The effectiveness of randomly initialized GNN encoders is related to the Weisfeiler-Lehman graph isomorphism test—the structure-awareness of GNNs derives partly from the architecture itself rather than from learned weights alone. The K-means query selection strategy aligns conceptually with diversity sampling in active learning, and further active learning strategies may be worth exploring. The security threats identified in this work have direct practical implications for the deployment of GNN-as-a-Service (GNNaaS) systems.

Rating

  • Novelty: ⭐⭐⭐⭐ — First to study GNN stealing under strict query budgets; the insight of decoupling encoder acquisition from head stealing is valuable.

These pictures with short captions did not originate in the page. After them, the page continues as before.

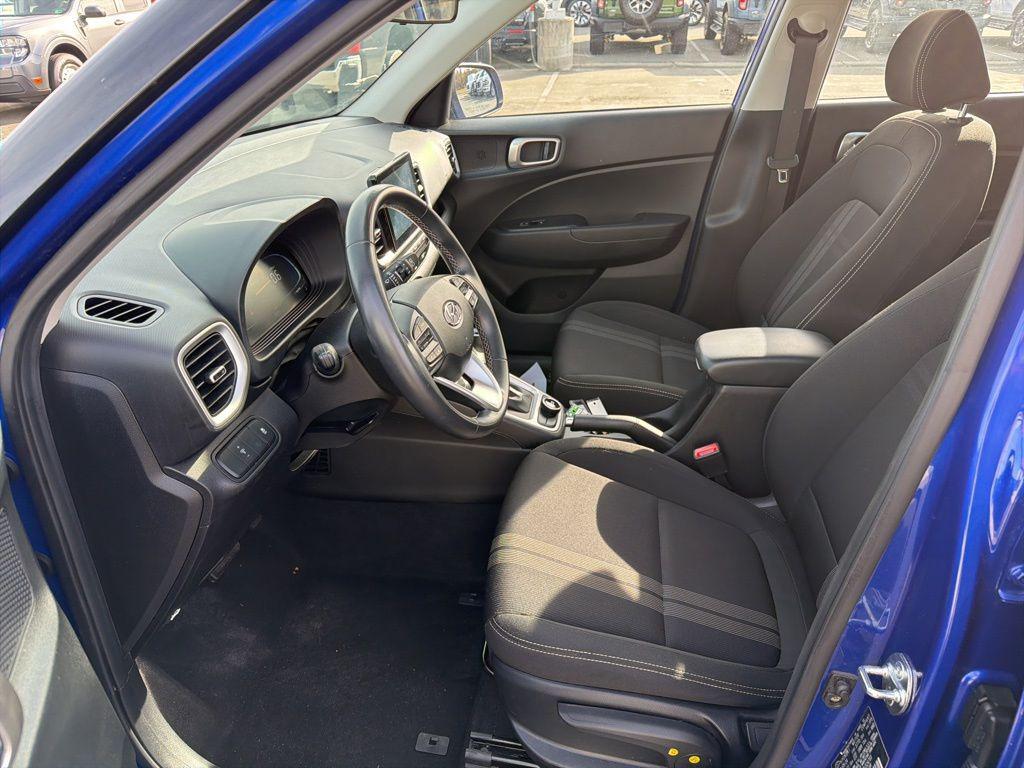 used 2024 Hyundai Venue car, priced at $17,997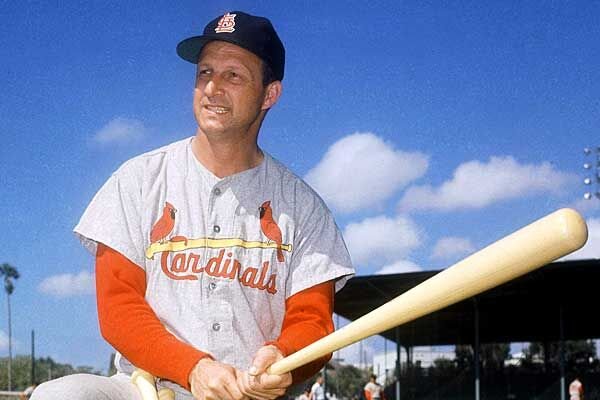 Stan Musial đã trở thành nhà vô địch đánh bóng NL bảy lần và nhà vô địch NL RBI hai lần ảnh 1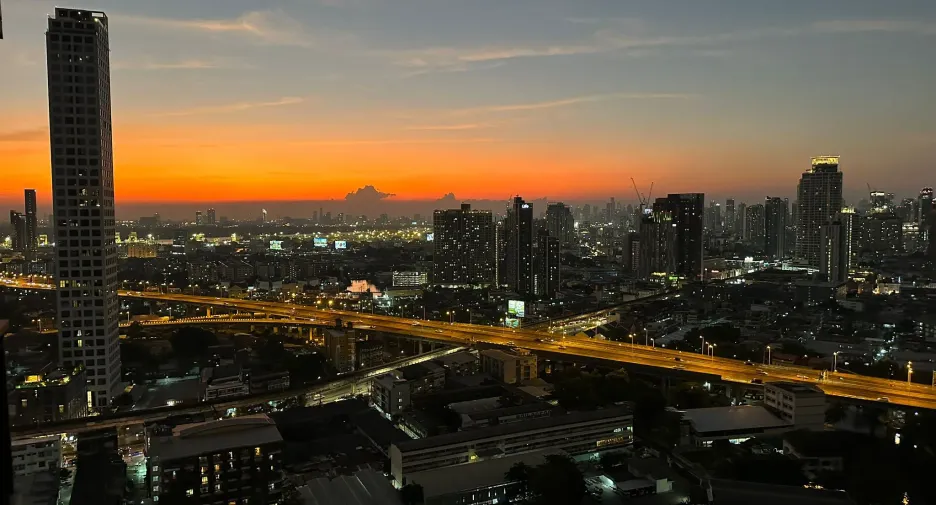 À louer 2 chambres condo à Watthana, Bangkok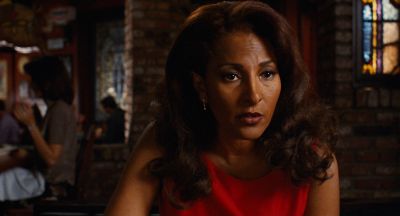 Still from Jackie Brown (1997) that has been tagged with: restaurant & bar
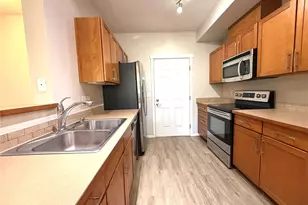4030 S 213th Ct, SeaTac, WA 98198 - Photo 6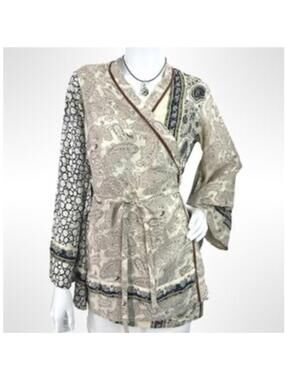 BCBG MaxAzria Mixed Print Open Front Kimono Jacket Circle Paisley Long Sleeve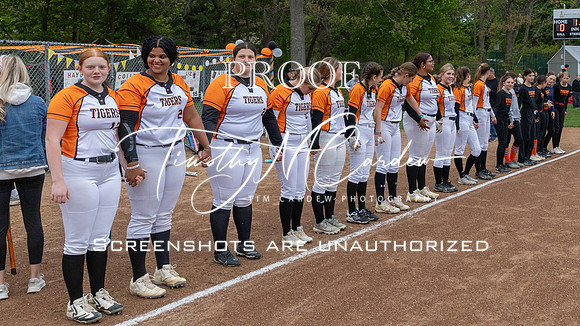 Ipswich vs Hamilton-Wenham Girls HS Varsity Softball Game 2026_2026-05-13_05-45-45_311A7036_@TimCardew_2026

  • Experimental Thoroughness: ⭐⭐⭐⭐⭐ — 8 datasets, two settings, multiple victim/surrogate architectures, defense evaluation, and McNemar's test.
  • Writing Quality: ⭐⭐⭐⭐ — Motivation is clear, the method is presented progressively, and Table 1 provides an at-a-glance comparison of methods.
  • Value: ⭐⭐⭐⭐ — Concretely exposes security vulnerabilities in GNNs and serves as a meaningful warning for the secure deployment of GNN-based services.